Nuclear factor kappa B (NF-kappaB) is a ubiquitous, inducible transcription factor that regulates the initiation and progression of immune and inflammatory stress responses. NF-kappaB activation depends on phosphorylation and degradation of its inhibitor protein, IkappaB, initiated by an IkappaB kinase (IKK) complex. This IKK complex includes a catalytic heterodimer composed of IkappaB kinase 1 (IKK1) and IkappaB kinase 2 (IKK2) as well as a regulatory adaptor subunit, NF-kappaB essential modulator. To better understand the role of IKKs in NF-kappaB activation, we have cloned, expressed, purified, and characterized the physiological isoform, the rhIKK1/rhIKK2 heterodimer. We compared its kinetic properties with those of the homodimers rhIKK1 and rhIKK2 and a constitutively active rhIKK2 (S177E, S181E) mutant. We demonstrate activation of these recombinantly expressed IKKs by phosphorylation during expression in a baculoviral system.

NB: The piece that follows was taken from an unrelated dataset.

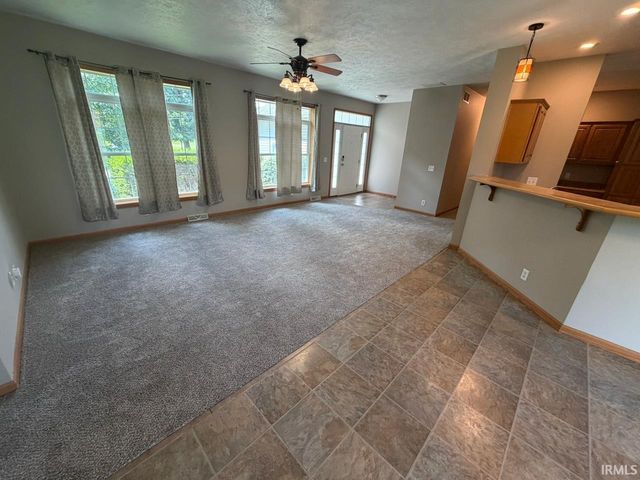 104 E Foster Street, Fort Branch, IN 47648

The K(m) values for ATP and IkappaBalpha peptide for the rhIKK1/rhIKK2 heterodimer are 0.63 and 0.60 micrometer, respectively, which are comparable to those of the IKK2 homodimer. However, the purified rhIKK1/rhIKK2 heterodimer exhibits the highest catalytic efficiency (k(cat)/K(m)) of 47.50 h(-1) micrometer(-1) using an IkappaBalpha peptide substrate compared with any of the other IKK isoforms, including rhIKK2 (17.44 h(-1) micrometer(-1)), its mutant rhIKK2 (S177E, S181E, 1.18 h(-1) micrometer(-1)), or rhIKK1 (0.02 h(-1) micrometer(-1)). Kinetic analysis also indicates that, although both products of the kinase reaction, ADP and a phosphorylated IkappaBalpha peptide, exhibited competitive inhibitory kinetics, only ADP with the low K(i) of 0.77 micrometer may play a physiological role in regulation of the enzyme activity.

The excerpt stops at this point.